Tea production started in Sri Lanka in 1867 by the British. 33 years after it was started in India. The British (private) owners ran the estates until independence in 1948. In 1948, all tea estates run by the British were nationalised and most of the British (who had basically been living like kings) had to go home.
For the plantations up in the central high country, they are now operated by private companies, on top of government owned land. The government used to manufacture all the tea in Sri Lanka but by the 1980’s they had labour issues and so privatised the plantations. Now they only collect the rates and taxes.
However, the black tea industry in Sri Lanka remains highly regulated. This is to ensure that standards are maintained so that you can be sure you get quality Ceylon tea and that prices remain fair to all parties concerned. The system is designed so that nobody can undercut anybody else by unfair practices.

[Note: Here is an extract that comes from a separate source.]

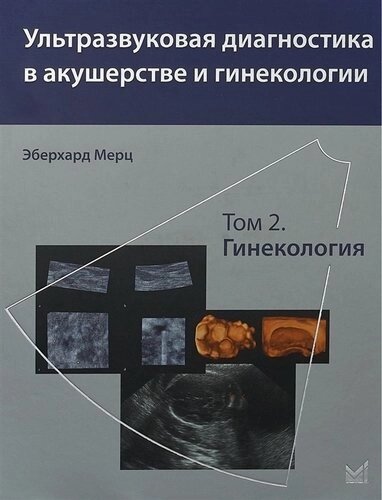 Ультразвуковая диагностика в акушерстве и гинекологии. Т. 2.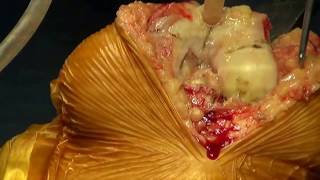 Live Surgery of Total Knee Replacement by Dr Amit Bhutani (720p HD)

Non-black tea is unregulated. So a plantation producing green tea can sell it on-the-side to whoever they want to. This is because Ceylon tea is traditionally black tea. Nowadays they also produce green, white, golden tip and silver tip. Golden and silver tips are part of the black tea family but originally they were regarded as imperfections (along with impurities, twigs, dust, fibre, etc.) that had to be removed from the proper black tea.
But times change and they now produce green tea, mostly using the Japanese method of steaming. And they blend into normal black tea golden and silver tips when customers request it.